L’elaborato presenta l’esperienza avviata all’interno della Azienda USL di Bologna (in collaborazione con l’Azienda Ospedaliera – Universitaria), riguardante l’avvio di una nuova attività aziendale deputata alla promozione del benessere lavorativo.

Questa funzione è stata affidata ai Consiglieri di Fiducia (in seguito CdF), professionisti dipendenti delle due aziende partner nel progetto, selezionati appositamente sulla base delle loro attitudini.
Il CdF è una figura prevista dal contratti nazionali di lavoro e da norme comunitarie, dedicata alla prevenzione e gestione di situazioni lavorative critiche quali molestie, vessazioni o discriminazioni in ambito lavorativo.
L’introduzione di questa figura discende dalla adozione del Codice di Condotta. Il Codice è un atto di carattere volontario, assunto dal datore di lavoro al fine di promuovere un clima favorevole al rispetto della dignità della persona che lavora.

Il Codice adottato dalla Azienda USL di Bologna dichiara che l’Azienda istituisce i Consiglieri di Fiducia, “figure che possono intervenire, anche utilizzando tecniche di mediazione, nelle situazioni di conflitto, disagio e vessazioni, al fine di ricercare una rapida e soddisfacente soluzione”.

La costituzione dei CdF non è stata quindi un semplice adempimento a richieste contenute nei contratti e nelle norme.
Si è scelta, invece, la sfida di proporre un ruolo nuovo, orientato ad aiutare efficacemente le persone in conflitto a recuperare una condizione lavorativa di serenità, a leggere con sguardo nuovo episodi relazionali critici e superarli.

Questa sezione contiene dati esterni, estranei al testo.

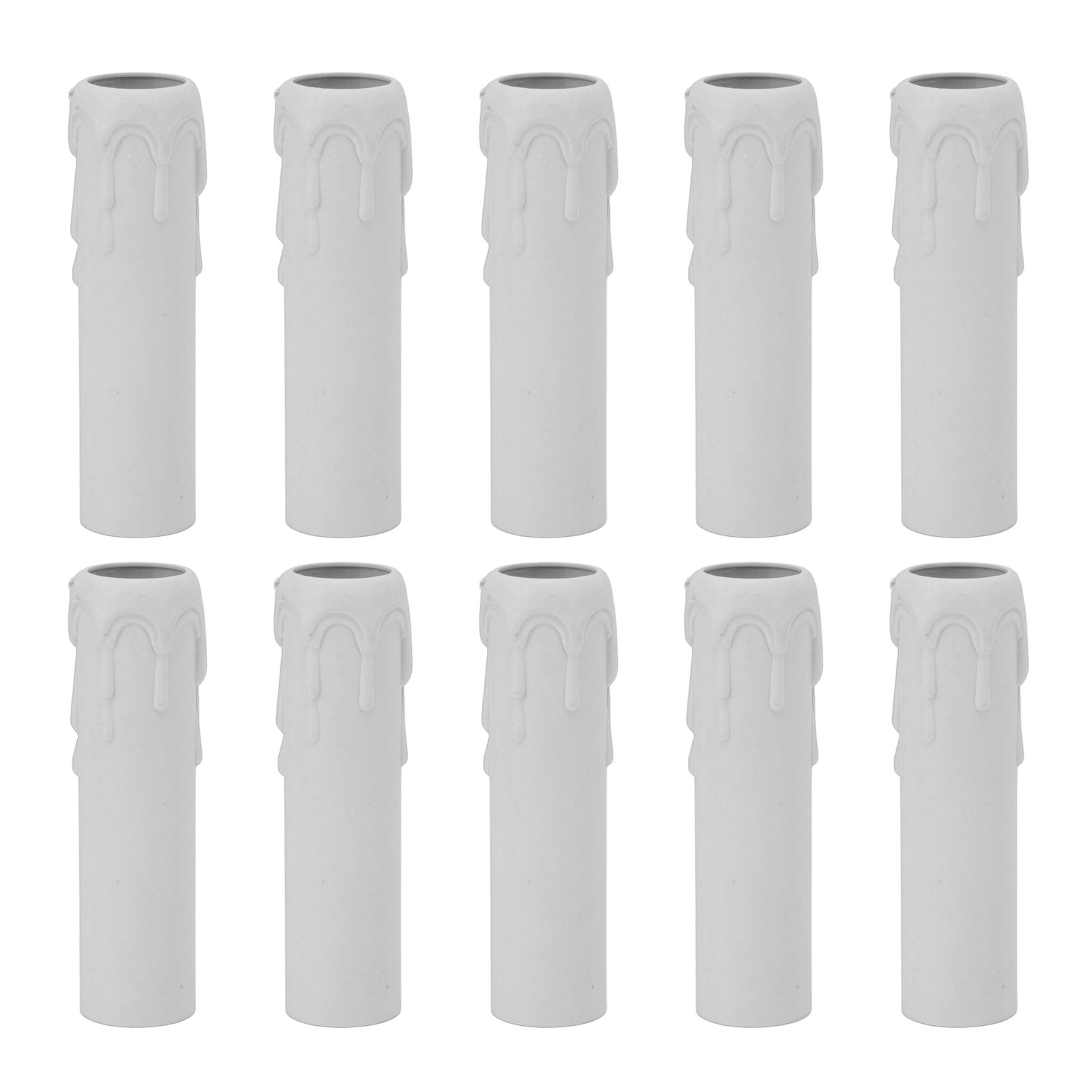 10pcs 4 Inch Candle Covers Sleeves Simulation Vintage Wax Drop Candle Socket Covers for Chandelier White - Image 1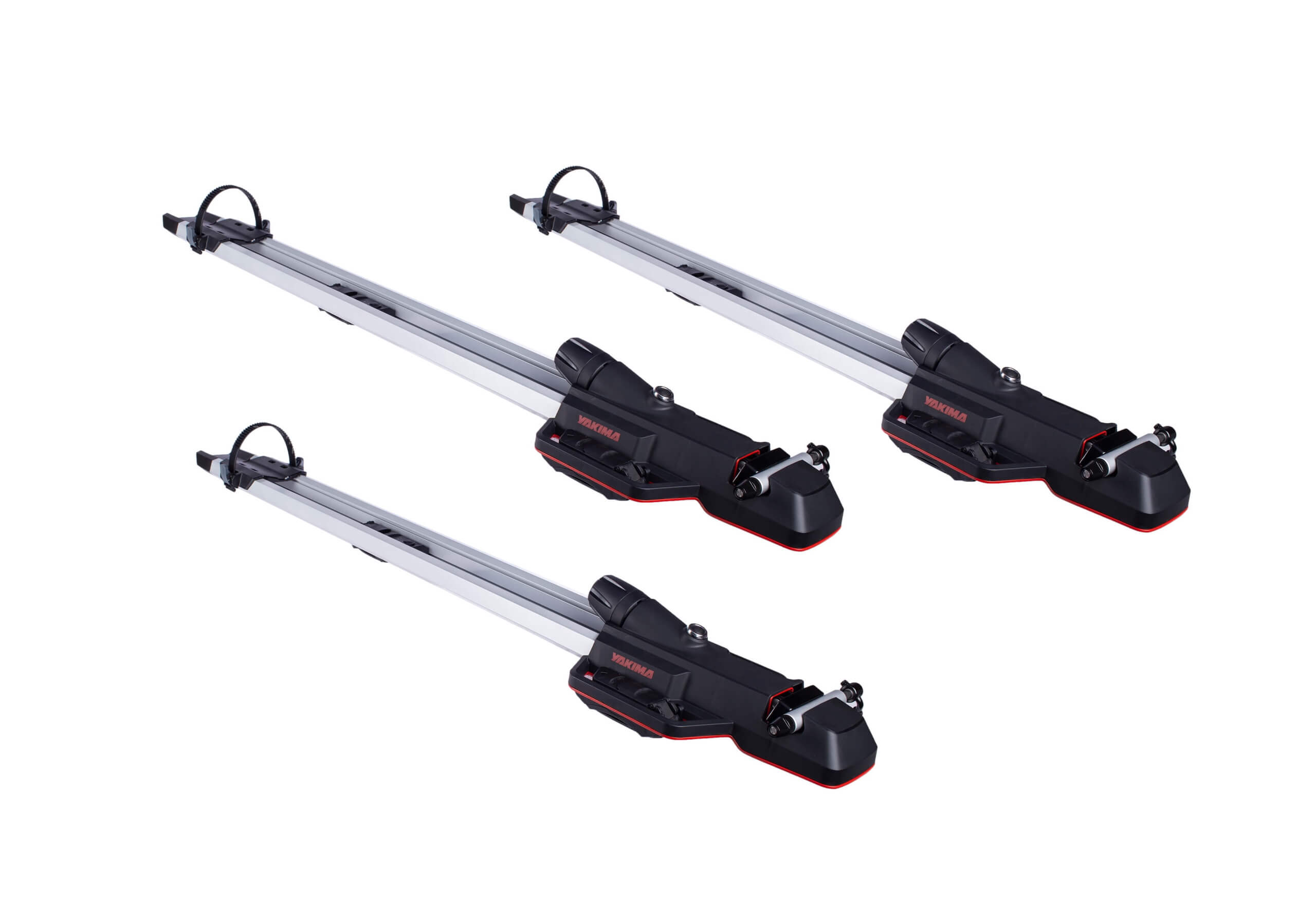 :3 x silver Yakima HighSpeed 8002129 forkmounts with locking roof bars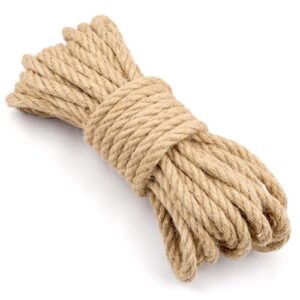 Hanfseil 10 mm, 10 m Juteseil, Natur Tau Seil Kordel für Bastelarbeiten, Garten und DIY Kunsthandwerk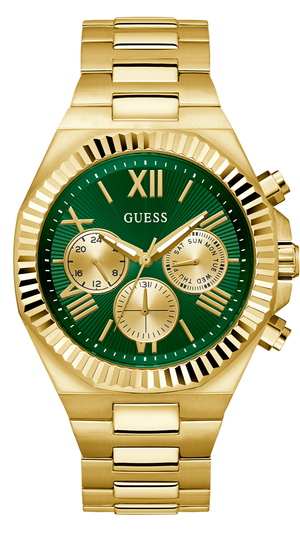 Guess Equity Analog Green Dial Gold Steel Strap Watch For Men - GW0703G2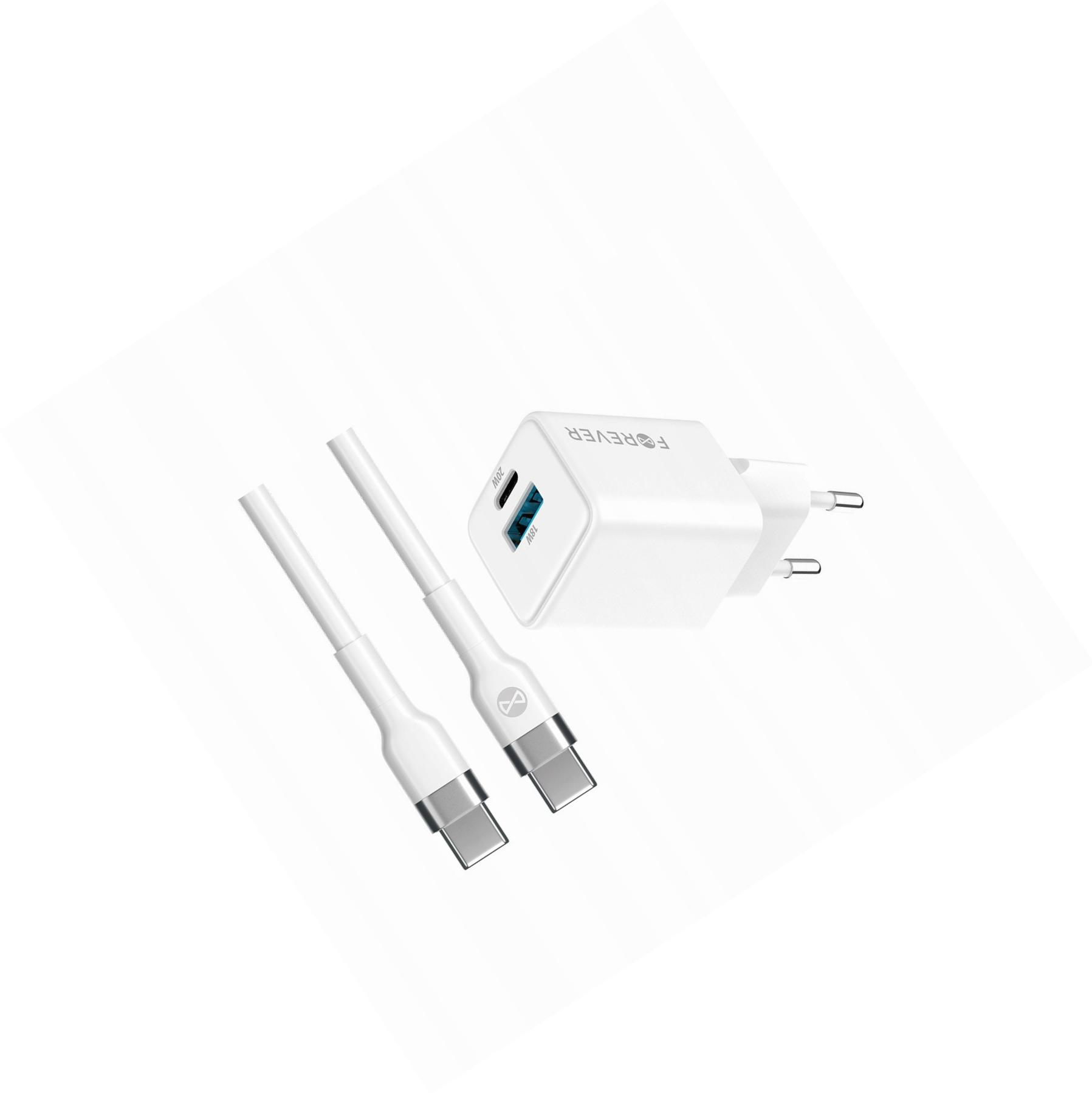 Szybka ładowarka GaN 20W Usb i Usb-c z kablem do Samsung galaxy S20 Ultra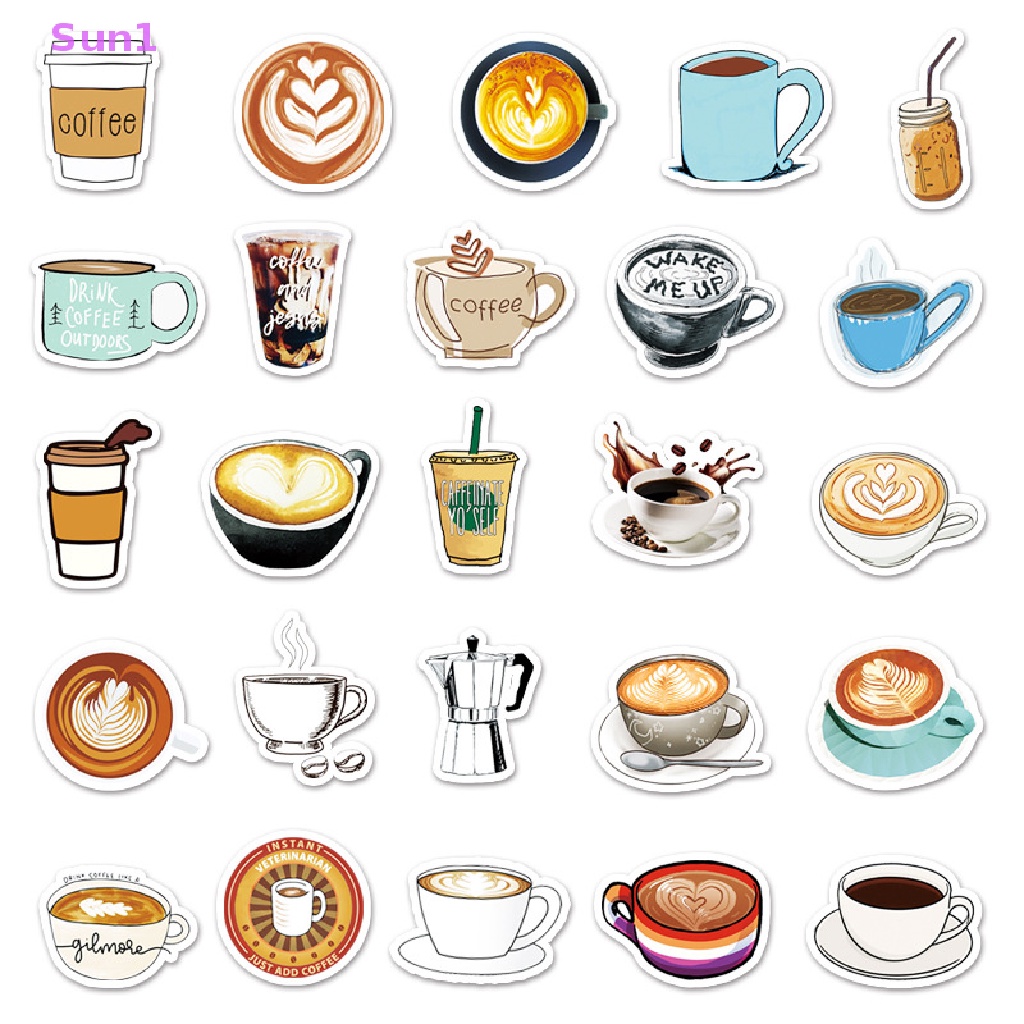 Set 50 Sticker Họa Tiết Cà Phê Hoạt Hình Trang Trí Laptop / Xe Scooter DIY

Tra le diverse possibili modalità di gestione delle relazioni lavorative conflittuali, le aziende hanno scelto di adottare una prassi “informale” e negoziale.
E’ stato considerato prioritario salvaguardare o recuperare le relazioni interpersonali tra colleghi - destinate a continuare nel tempo - per favorire il senso di appartenenza alla comunità di lavoro e la motivazione professionale.

La mediazione è stata il modello di riferimento, ed il paradigma relazionale simbolico, orientato a “portare in salvo l’appartenenza dopo un conflitto” è sembrato quello che, meglio di ogni altro, coincidesse con gli obiettivi costitutivi dei consiglieri.

Fiducia e conflitti lavorativi

Il capitale sociale di un gruppo è costituito dalla qualità delle relazioni interpersonali e sociali circolanti, qualità legata essenzialmente al livello di fiducia che le persone nutrono le une verso le altre.

La fiducia è un elemento così necessario che, nelle analisi organizzative, viene considerato tra i fattori del processo produttivo, al pari del lavoro, del capitale economico, delle risorse naturali e strutturali.

La gestione manageriale del “capitale umano” o “risorse umane” ha, talvolta, messo in secondo piano l’individuo, le singole identità che formano il “capitale”.

In molti casi a questa operazione manageriale e linguistica si è accompagnata la perdita del senso di appartenenza, del valore del contributo personale, modificando il significato dell’identità professionale e collettiva dei gruppi che in queste aziende lavorano.

Quando una organizzazione è povera di capitale sociale è povera di risorse per il proprio sviluppo poiché la sfiducia, la diffidenza e lo scetticismo divengono i regolatori fondamentali di ogni genere di rapporto.
Le relazioni lavorative frequentemente diventano conflittuali, in modo aperto o latente, e possono determinare situazioni di stress e sofferenza per chi ne è coinvolto.

Il conflitto ha una naturale carica pervasiva, si diffonde nell’ambiente, aumentando la diffidenza, l’ostilità e l’aggressività tra le persone.

I danni prodotti da conflitti irrisolti sono ben visibili negli alti costi determinati dal turn over del personale, dall'assenteismo, dal ridotto rendimento e dall’aumento degli infortuni sul lavoro.

Secondo un rapporto della Agenzia europea per la sicurezza e la salute sul lavoro (2009) lo stress è la seconda causa di assenza dal lavoro, nella Unione Europea, dopo i disturbi muscolo-scheletrici, e contribuisce per oltre il 50% delle assenze del personale.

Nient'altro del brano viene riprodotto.